1. You find yourself withdrawing from people and forgoing activities you have enjoyed for fear of rejection.

2. You expect rejection and then feel resentful of other people.

3. You end relationships in order to reject others before they can reject you.

4. You provoke conflicts in order to find a reason to end a relationship.

5. You turn to unhealthy behaviors to help you soothe your hurt feelings, such as excessive emotional eating or drinking, drug use, or overspending.
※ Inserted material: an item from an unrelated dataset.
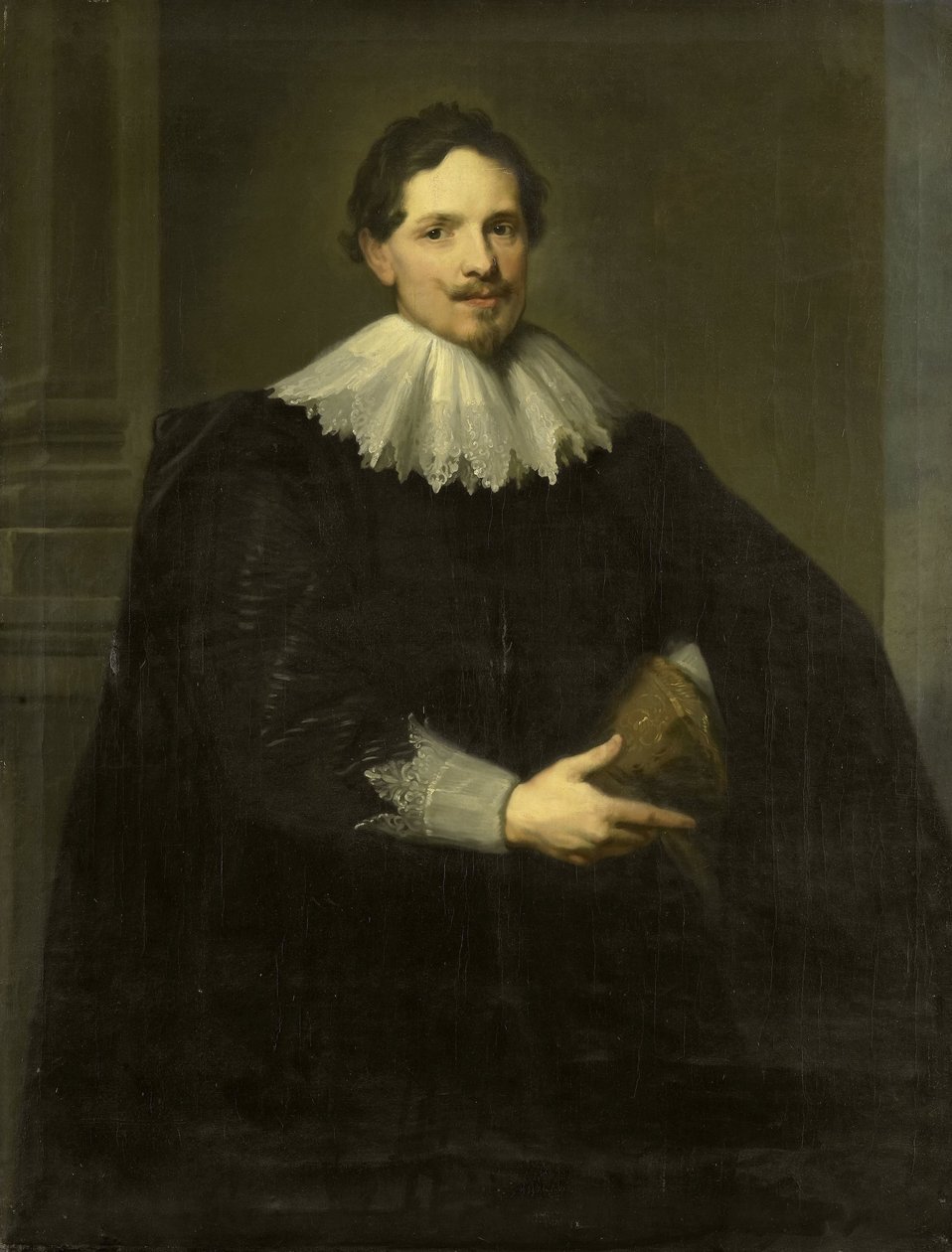 Sebastiaan Leerse, kupec z Antverp od Willem Bartel van der Kooi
A friend of mine was very successful in the life insurance sales game.  When asked why he was the most successful sales person for a major life insurance company, he said this: ”  Most people put in 8 hours filled with rejection.  Then they quit.  I knew I was going to get 8 hours of rejection, so I figured I’d work 10 so the last two would be productive.”  Everyone (in his business) has a certain amount of rejection that s/he must endure daily, then you get the payoff.  Rejection can either build you up, or tear you down.  It’s really your choice as to who is boss of your limbic system.